# What you will do:
A verbatim printing of the entries that follow is needed; pictures must not appear in it.
*** Opening Input data ***
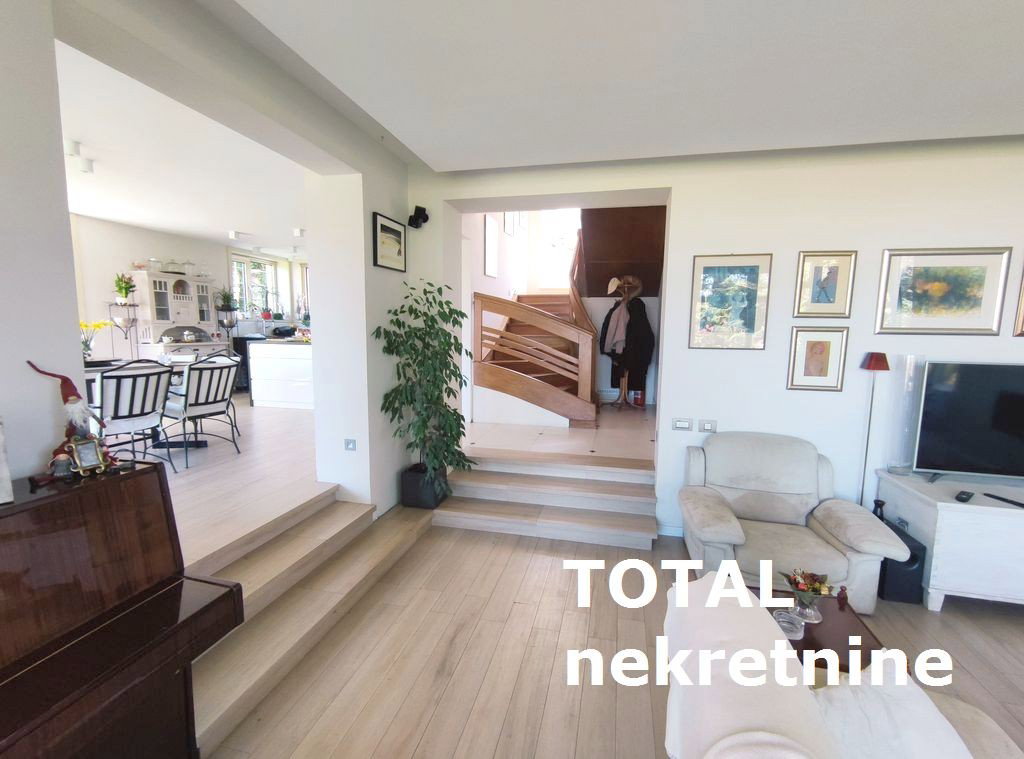 Kuća Prodaja Novi Sad Kuća Prodaja Novi Sad Majur 330 m2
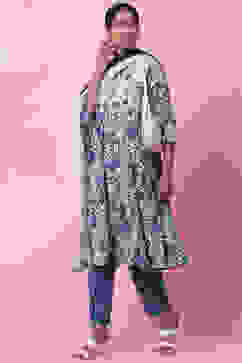 White and Blue Cotton Flared Kurta Slim Pant Suit Set image number 7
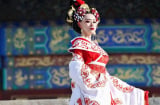 Màn đánh ghen kinh hoàng 'có một không hai' của hoàng hậu tàn bạo nhất lịch sử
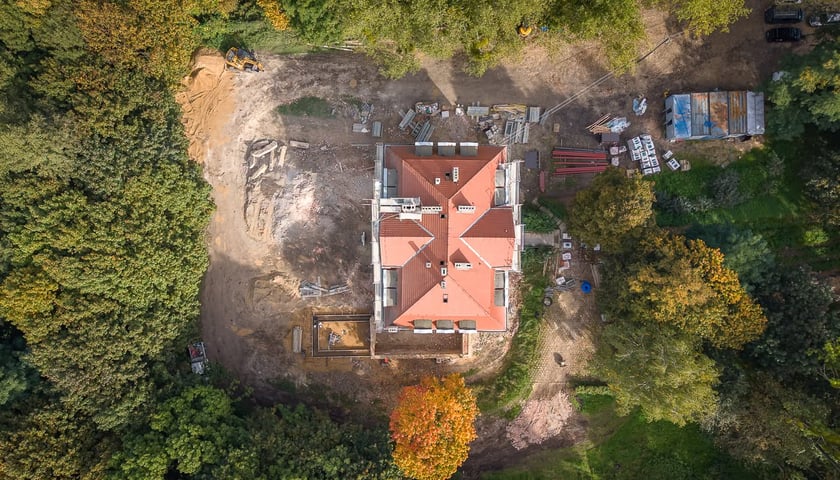 arokowy pałac w Twardogórze w remoncie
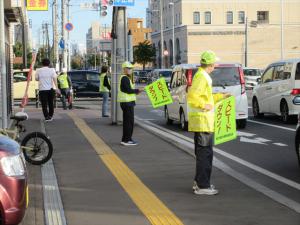 薄暮時の街頭啓発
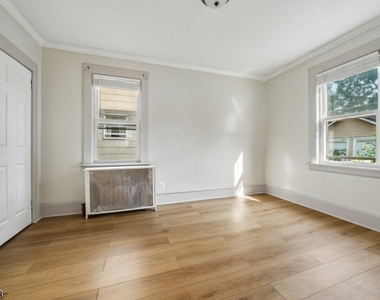 378 Boyden Ave - Photo Thumbnail 10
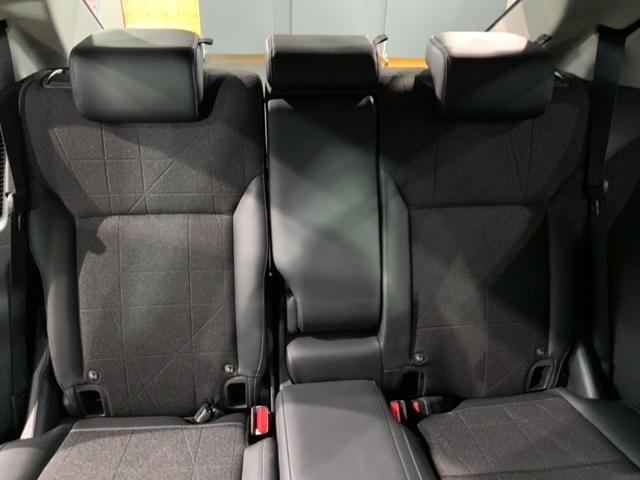 ヴェゼル ｅ：ＨＥＶ　Ｚ　Ｈ　ＳＥＮＳＩＮＧ　最長５年保証　ワンオーナー　純正ナビＴＶ　Ｒカメラ　マルチビュ－　ＥＴＣ　ＬＥＤライト　ＶＳＡ　シ－トヒ－タ－　クルコン　アルミ　スマ－トキ－　スペアキ－　盗難防止装置　整備記録簿（32枚目）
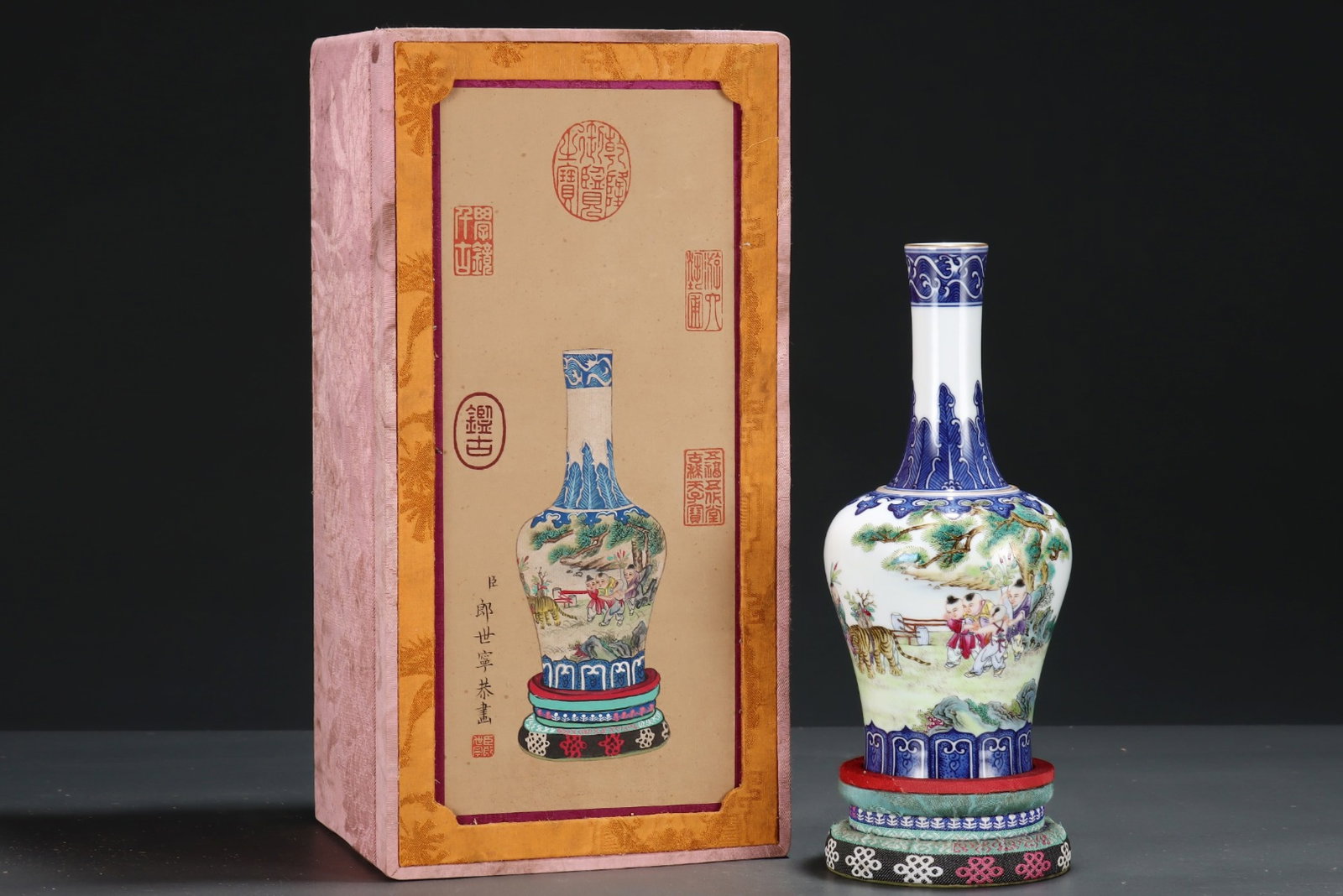 An Exquisite Blue and White Famille-Rose Character and Story Pattern Vase,with poem: An Exquisite Blue and White Famille-Rose Character and Story Pattern Vase,with poem,Qing Dynasty,China,Qianlong Six-character Mark,Size:9.2inx4.3in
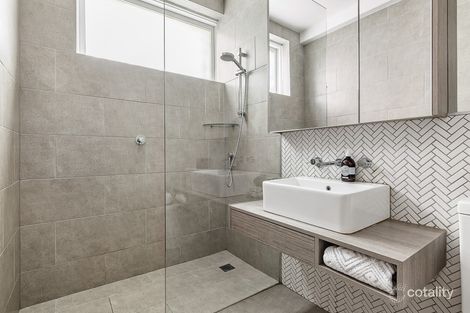 Property photo of 3/37 Foam Street Elwood VIC 3184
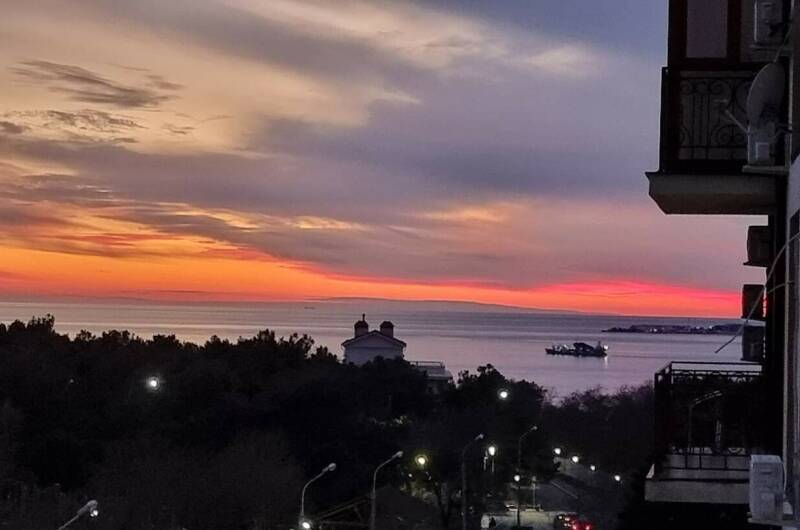 Изображение Изображение квартиры / апартамента "Просторная квартира с видом на море" #10 #8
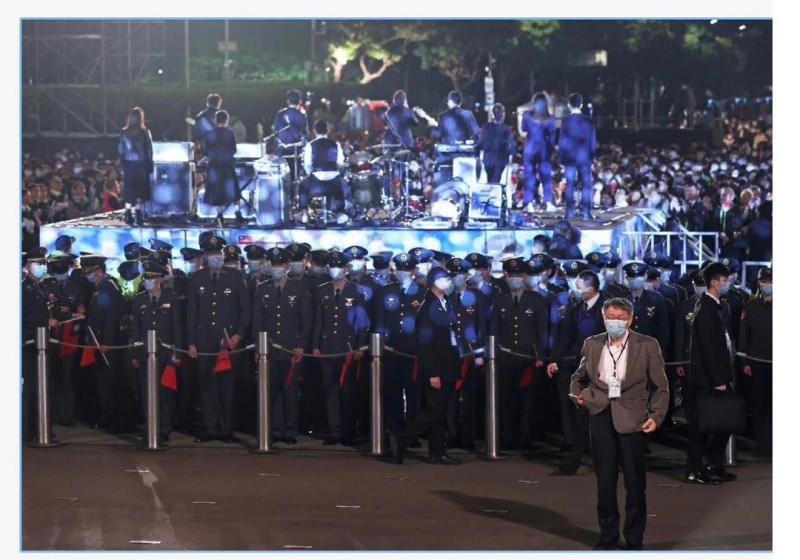 柯文哲獨自站在升旗典禮，蔡壁如稱他「被罰站」。   圖：翻攝自蔡壁如臉書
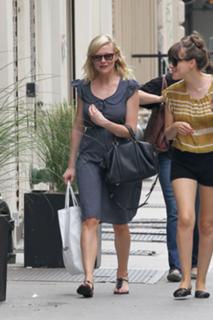 Kirsten Dunst feet photo thumbnail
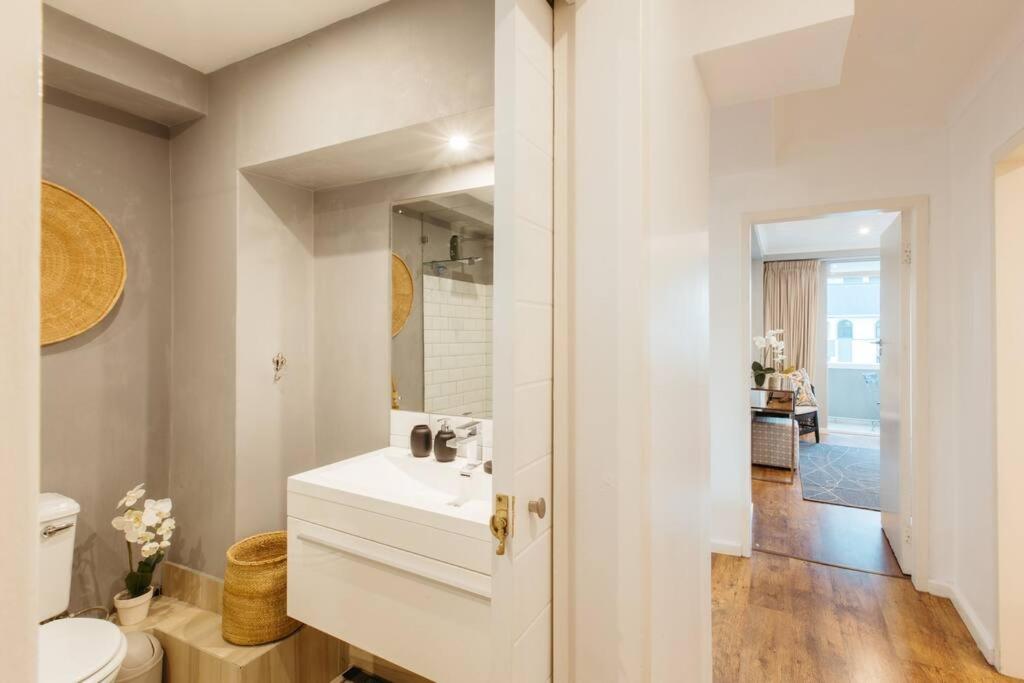Elegant Apartment with Parking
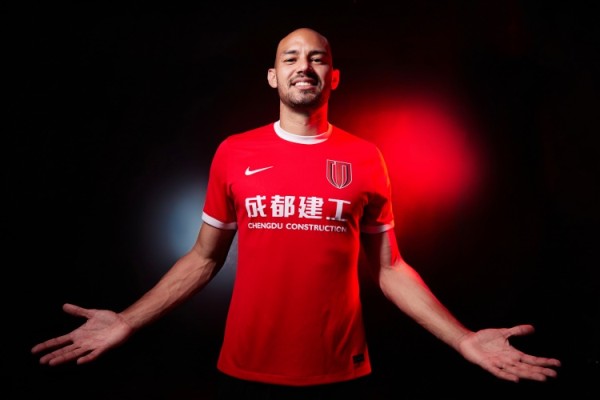 亚洲足坛打进100球!费利佩:是无数努力的结果,并非一个人做到 亚洲足坛打进100球!费利佩:是无数努力的结果,并非一个人做到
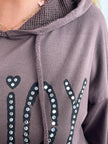 Hoodie mit Glitzer-Schriftzug in Mokka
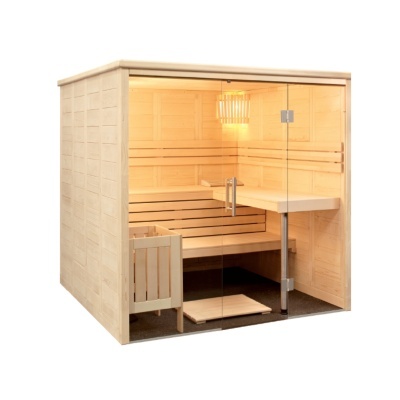 Cabine de sauna em madeira clara com porta de vidro e iluminação interior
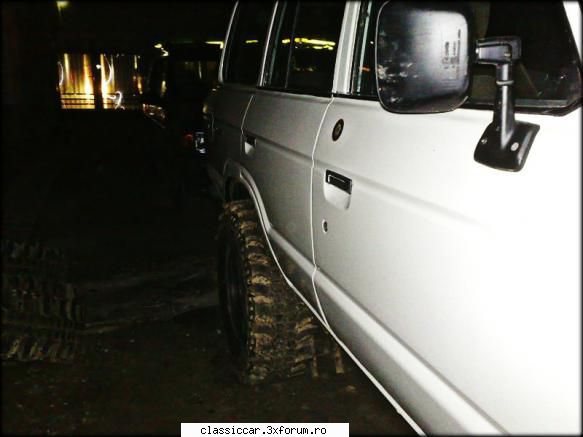 '82 Toyota Land Cruiser HJ60 - De asta seara ... e echipata de lupta, asa cum se - Prezentare masini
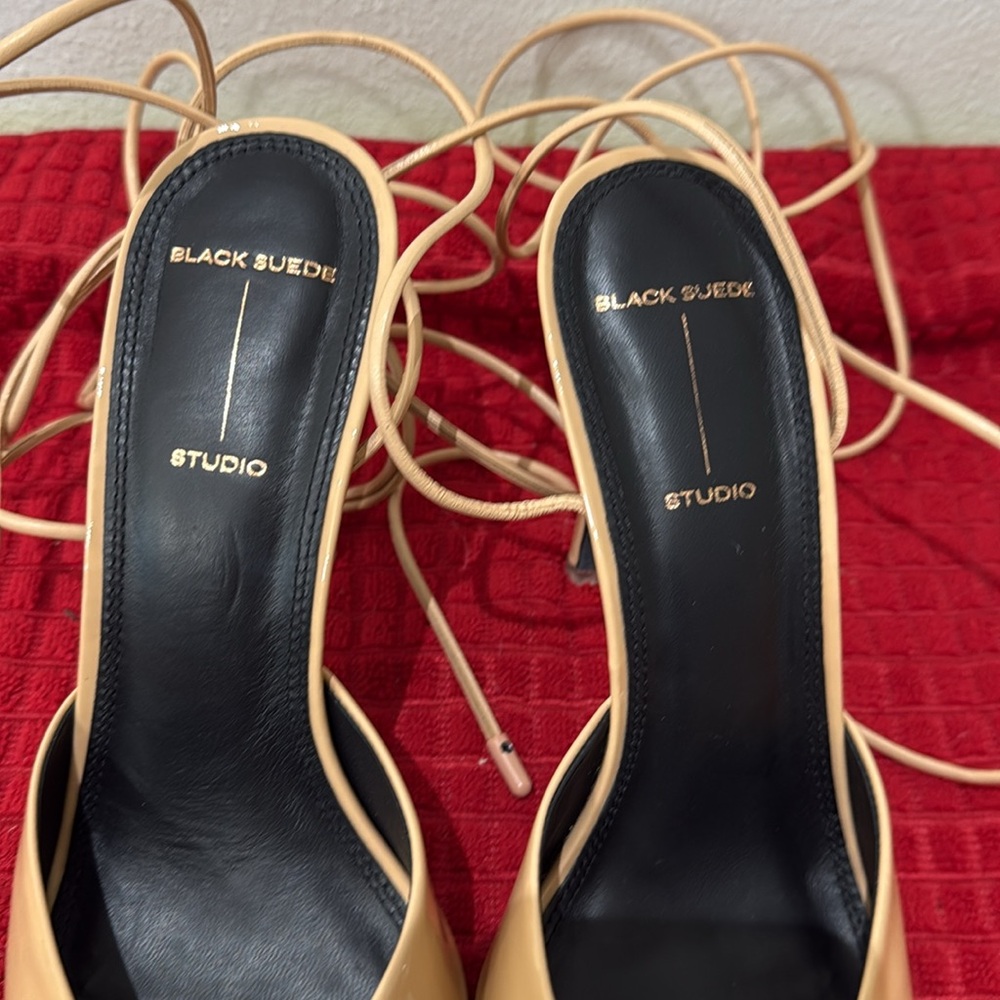 Black suede studio Bianca Sandal in Porcini Patent leather size 38.5/8.5 - Picture 2 of 9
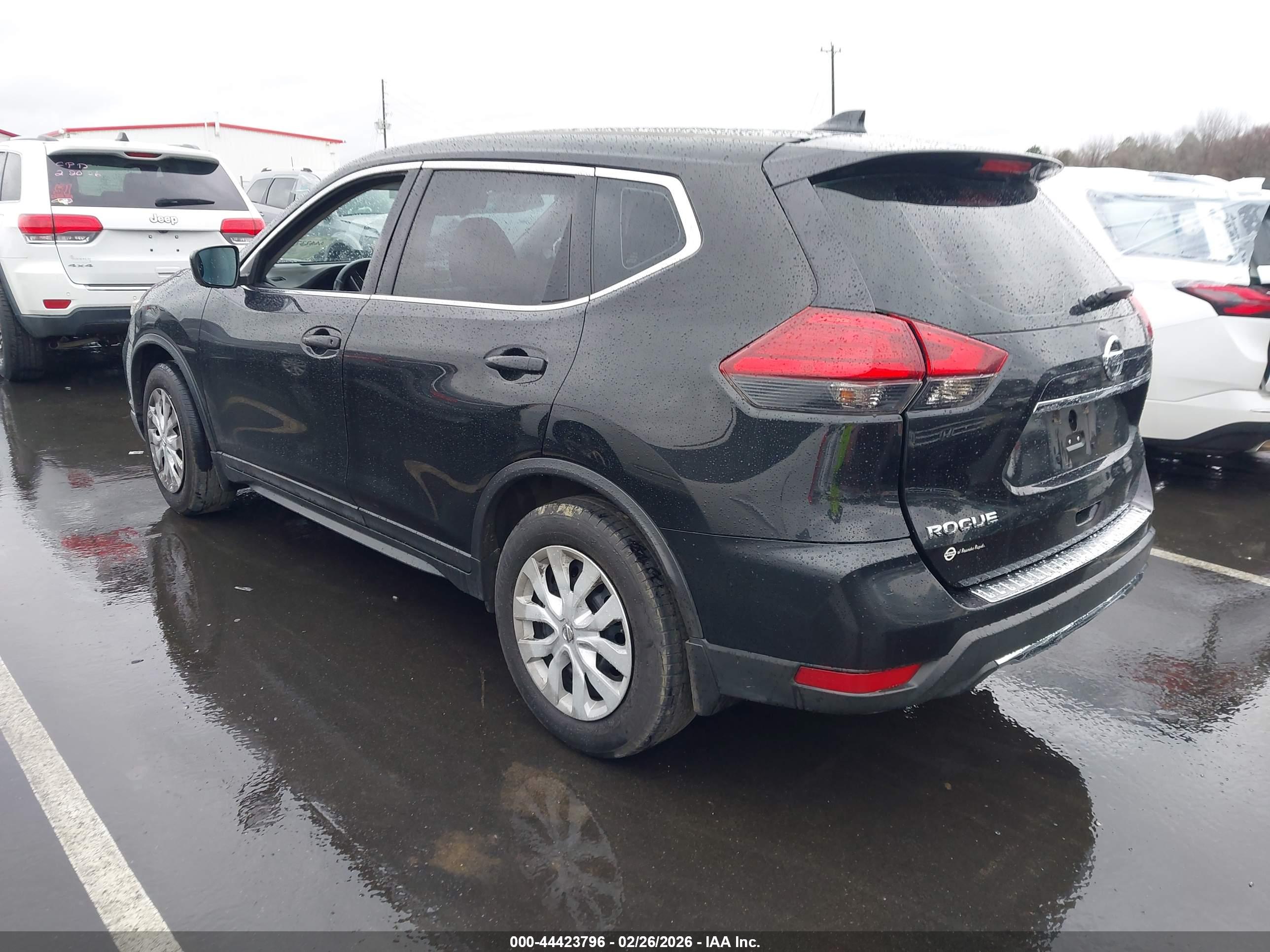 NISSAN ROGUE image 3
*** Closing Input data ***
# Solution:
 Kuća Prodaja Novi Sad Kuća Prodaja Novi Sad Majur 330 m2
 White and Blue Cotton Flared Kurta Slim Pant Suit Set image number 7
 Màn đánh ghen kinh hoàng 'có một không hai' của hoàng hậu tàn bạo nhất lịch sử
 arokowy pałac w Twardogórze w remoncie
 薄暮時の街頭啓発
 378 Boyden Ave - Photo Thumbnail 10
 ヴェゼル ｅ：ＨＥＶ　Ｚ　Ｈ　ＳＥＮＳＩＮＧ　最長５年保証　ワンオーナー　純正ナビＴＶ　Ｒカメラ　マルチビュ－　ＥＴＣ　ＬＥＤライト　ＶＳＡ　シ－トヒ－タ－　クルコン　アルミ　スマ－トキ－　スペアキ－　盗難防止装置　整備記録簿（32枚目）
 An Exquisite Blue and White Famille-Rose Character and Story Pattern Vase,with poem: An Exquisite Blue and White Famille-Rose Character and Story Pattern Vase,with poem,Qing Dynasty,China,Qianlong Six-character Mark,Size:9.2inx4.3in
 Property photo of 3/37 Foam Street Elwood VIC 3184
 Изображение Изображение квартиры / апартамента "Просторная квартира с видом на море" #10 #8
 柯文哲獨自站在升旗典禮，蔡壁如稱他「被罰站」。   圖：翻攝自蔡壁如臉書
 Kirsten Dunst feet photo thumbnail
Elegant Apartment with Parking
 亚洲足坛打进100球!费利佩:是无数努力的结果,并非一个人做到 亚洲足坛打进100球!费利佩:是无数努力的结果,并非一个人做到
 Hoodie mit Glitzer-Schriftzug in Mokka
 Cabine de sauna em madeira clara com porta de vidro e iluminação interior
 '82 Toyota Land Cruiser HJ60 - De asta seara ... e echipata de lupta, asa cum se - Prezentare masini
 Black suede studio Bianca Sandal in Porcini Patent leather size 38.5/8.5 - Picture 2 of 9
 NISSAN ROGUE image 3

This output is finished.